06/13/2014 05:03 pm ET Updated Aug 13, 2014

5 Ways to Measure the Impact of Your Personal Influence

Do you know how much your personal influence is worth? How much does your organization value your contributions? Can you communicate that value to your organization? Can you use that value as a bargaining chip at the negotiating table? Your paycheck serves as one scorecard. But consider other measures for yourself:

Key Performance Indicators (KPIs):
Most leaders have personal scorecards by which they measure their own contribution. Without a scoreboard, it's difficult to know if you're winning -- and what impact you might have on others. It's not that you're competing against colleagues, but rather competing against an objective standard and against yourself to achieve your "personal best."

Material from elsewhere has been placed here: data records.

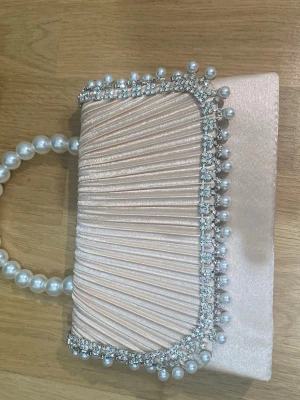 Ljusrosa kuvertväska med pärlhandtag - Snygg ljusrosa kuvertväska i satin med veckad framsida, dekorerad med glittrande strass och stora pärlor längs kanten. Handtaget består av stora vita pärlor som ger en lyxig känsla.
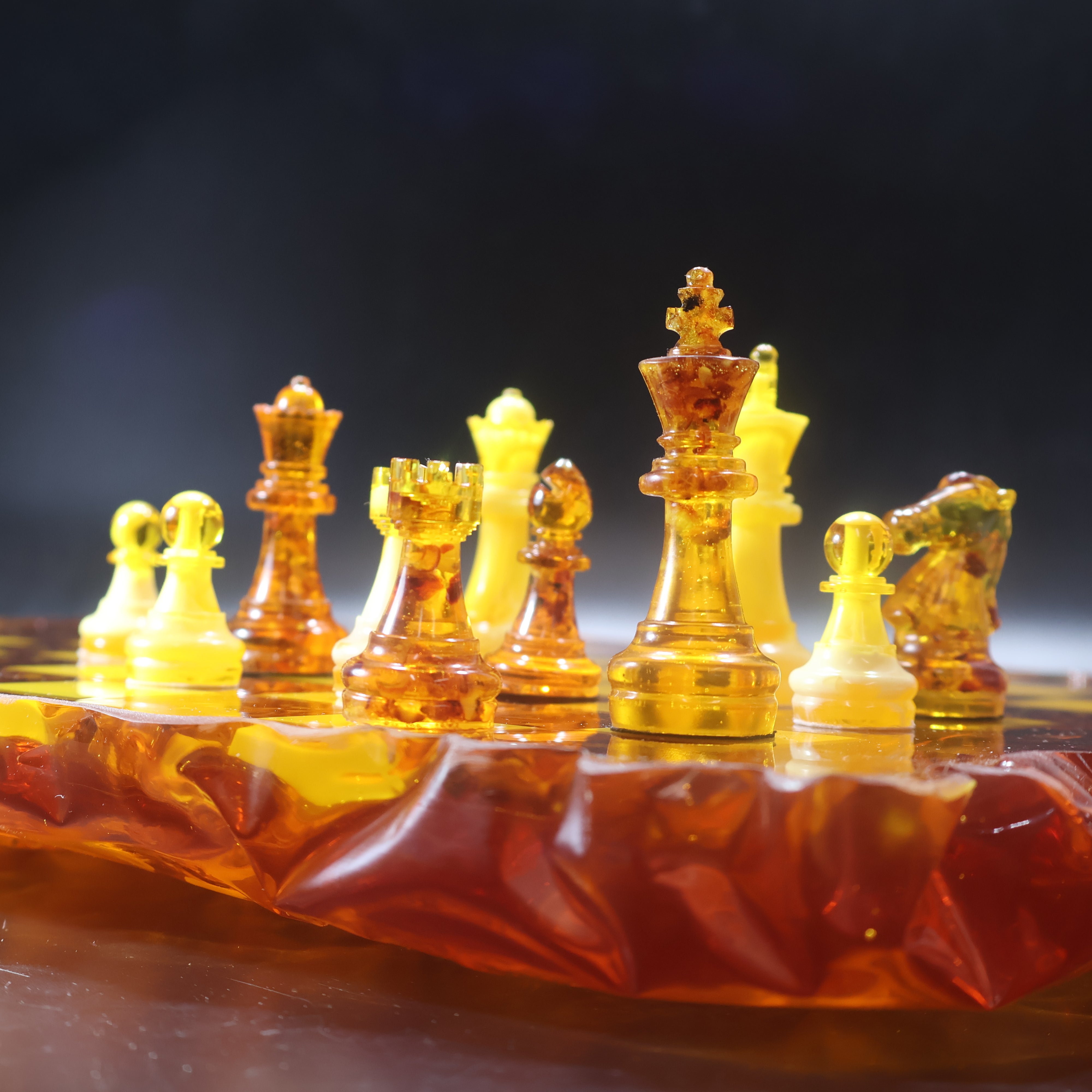 Luxury amber chess board with glowing yellow squares and natural Baltic amber inclusions, KIZIMA USA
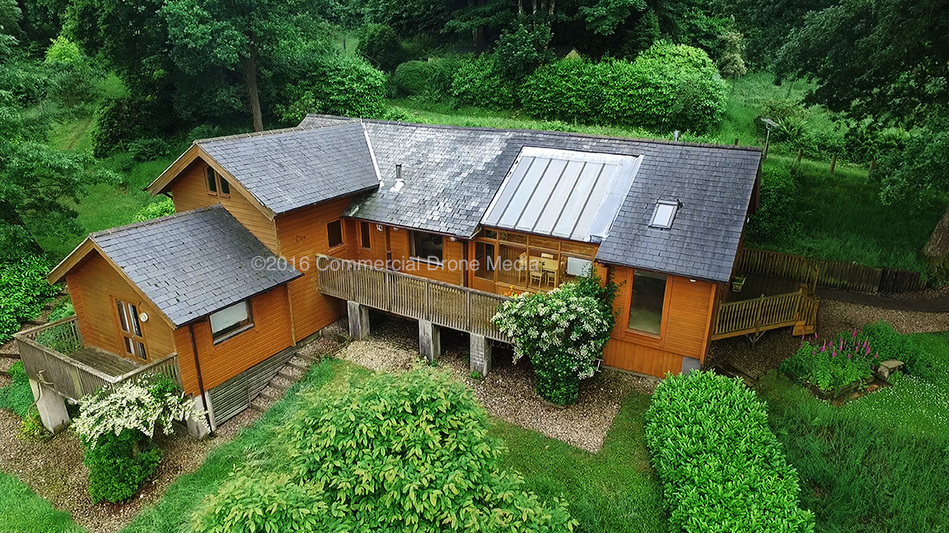 Commercial drone property photography. Aerial drone image, UAV photograph of Devon property for estate agent, real estate, property sale. Norwegian log cabin style house.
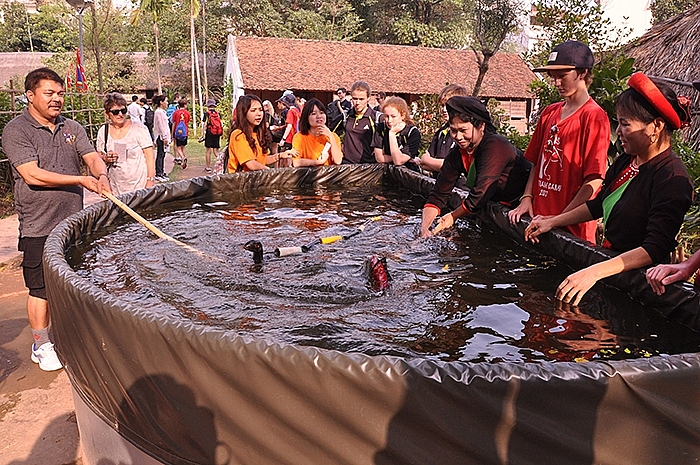 Đông đảo du khách thưởng thức biểu diễn rối nước Đồng Ngư trong không gian khu bảo tồn văn hóa dân gian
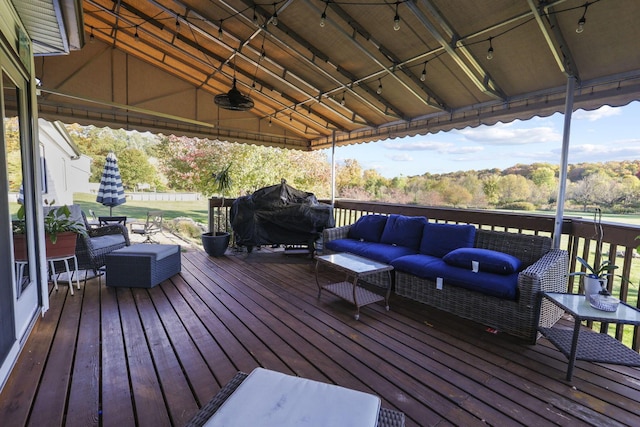 wooden terrace with grilling area and an outdoor hangout area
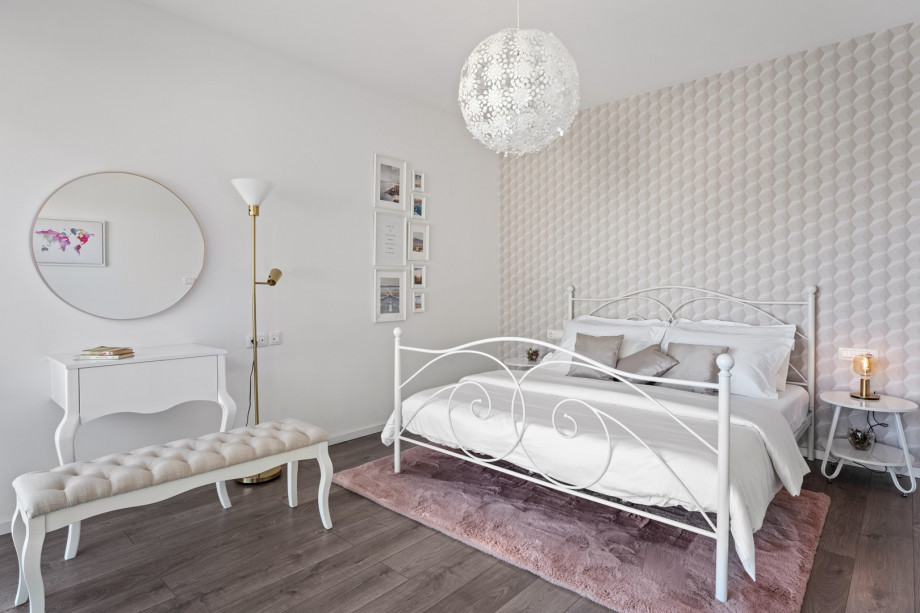 A balcony overlooking the pool and sea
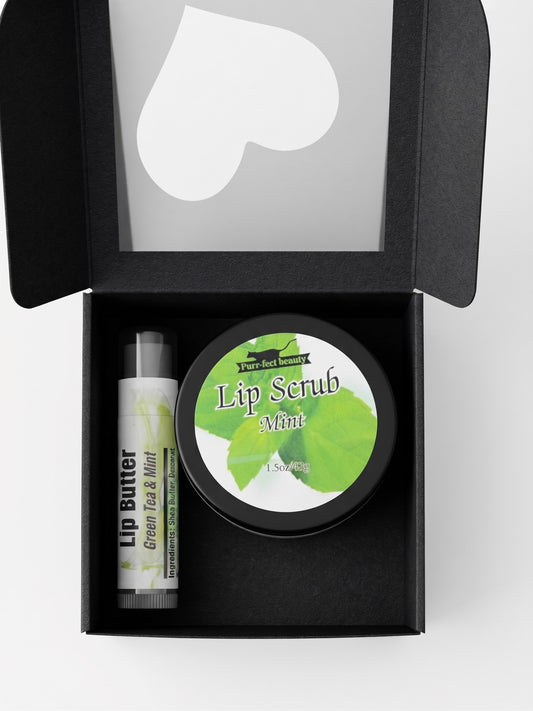 A black gift box containing a tube of lip butter and a round tin of lip scrub, both labeled Green Tea & Mint, shown on a light gray background.
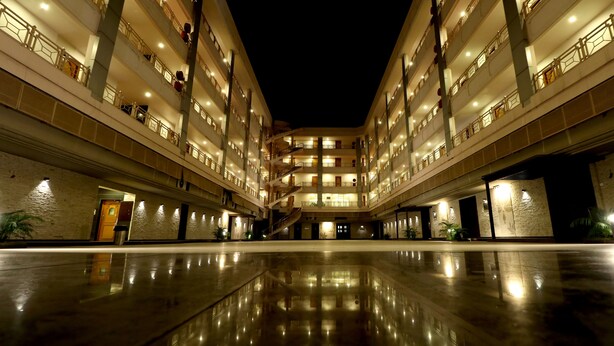 Un hotel de varios pisos con un atrio central, balcones en cada planta y un suelo pulido y reflectante.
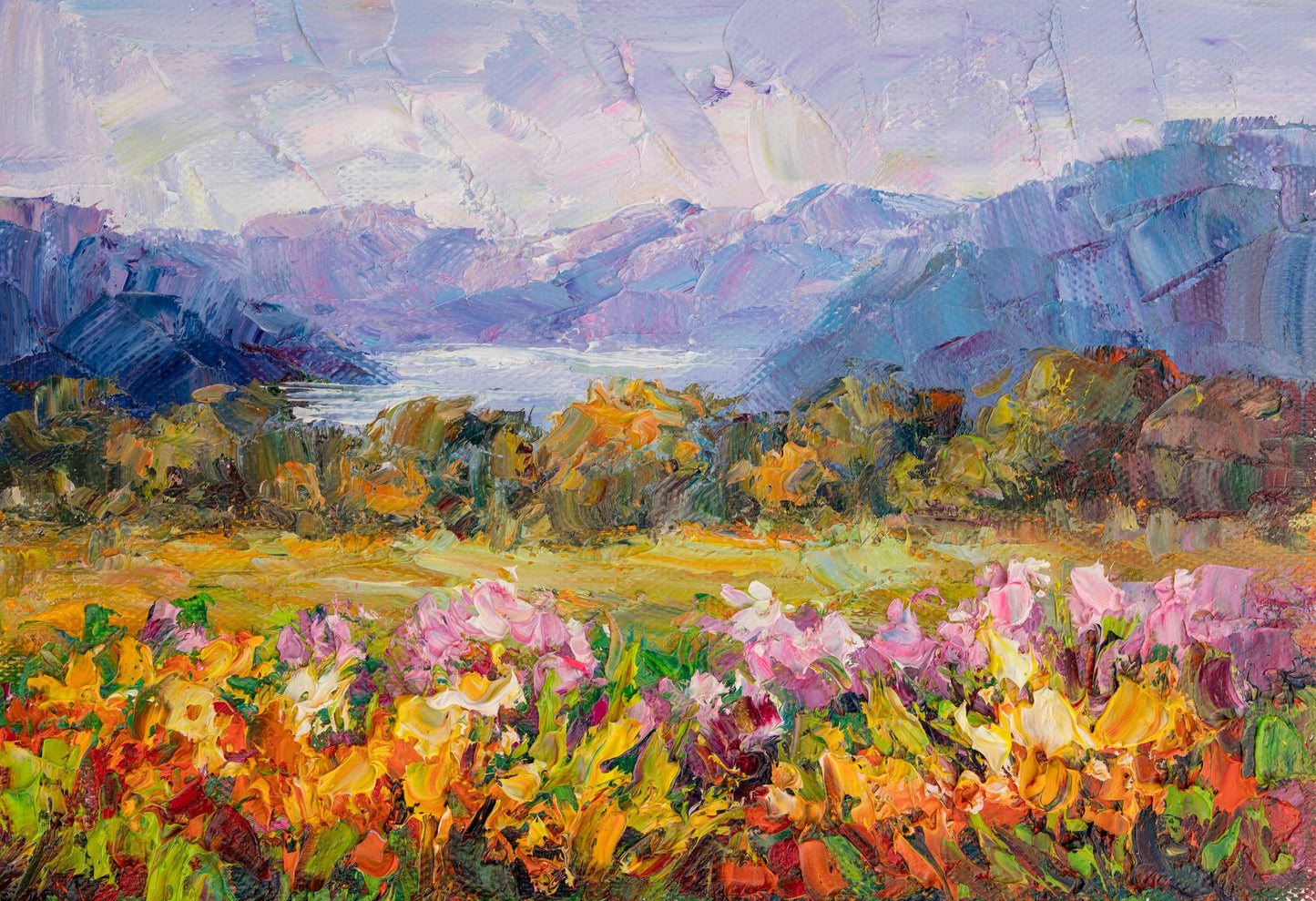 Hand-painted oil landscape of a vibrant mountain meadow with pink, yellow, and green flowers; distant blue mountains under soft purple sky; unframed canvas on neutral surface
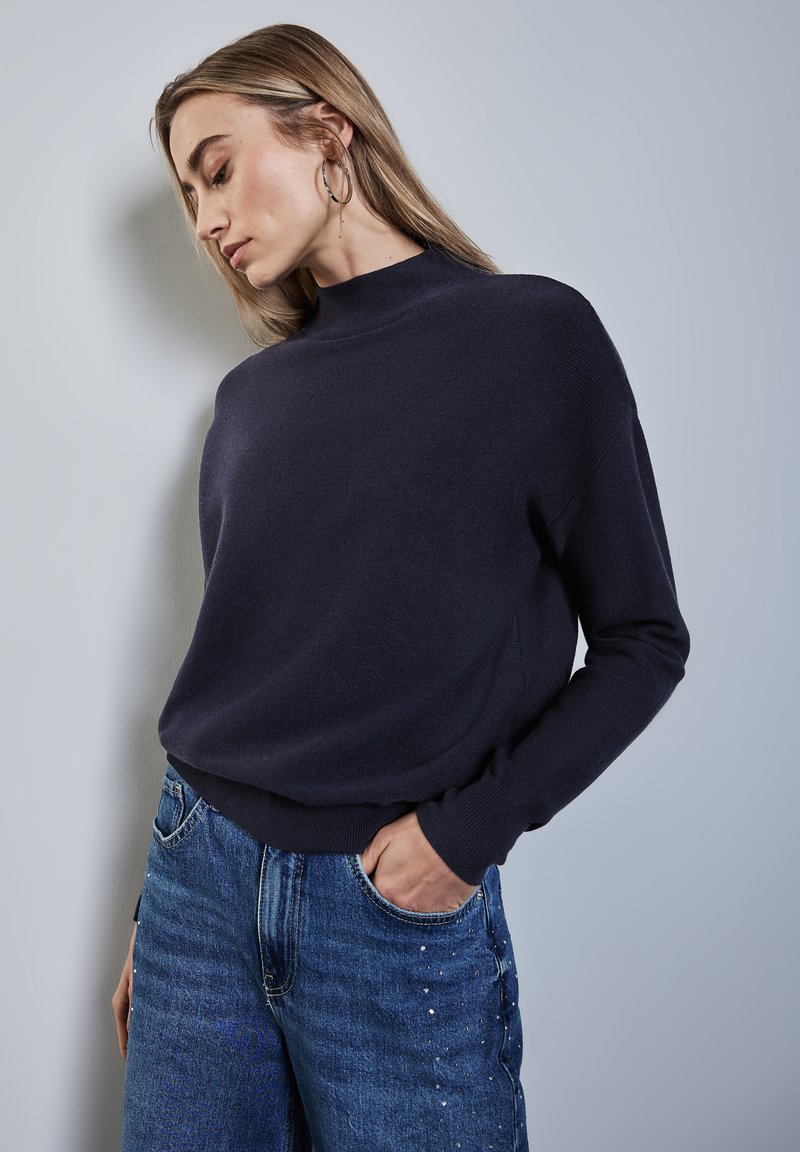 Marinblå tröja med hög krage, mjuk textur, avslappnad passform; kombinerad med blå denimjeans med subtila dekorationer på framsidan.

A senior vice president at one of our client organizations ties a lack of personal measurement to employees' tendencies to "write a book" at performance appraisal time. If your organization doesn't give you KPIs, then research and write your own. Know how you measure up to top performers in the job. The higher your performance, the stronger your influence.

Add online meaningful, entertaining content and see how many people read it and share it.

What's the level of interaction with you in person? By email? Online? How many people take action when you ask? Do they spread the word, cooperate, buy, or make a change when you ask them to do so?

Social media used to be about the number of followers. Not anymore. Followers can be bought -- and often are. In fact, some estimate that as many as one-eighth of all Twitter followers are robots. Twitter itself has acknowledged the problem of people buying and selling "profiles" that are actual robots sending out what looks to be personal tweets and responses.
What matters is commitment.

Third-Party Metrics:
Online sites like Klout (by far the largest), Kred, PeerIndex, and Appinions measure both online and offline influence on a number of objective criteria: job experience, formal education, publications, thought leadership, social media followers, and interaction.

For more about these criteria, you may want to refer to the excellent book Klout Matters by my colleagues Gina Carr and Terry Brock and to the above websites themselves for their ever-expanding criteria for measurement.

Expertise Requests:
Today, everybody claims to be an expert about something. And many experts offer all their information for free on the Internet. Is your expertise such that people are willing to pay for yours: books, speeches, subscriptions, training, consulting, project management? Scarcity is at play here. Limit time and access, and you will soon see the impact of your expertise by the dollars it brings in the marketplace.

Understand the impact of your influence -- and how to communicate it to those who matter --so you can use it where and how it does the most good for the changes you want to see.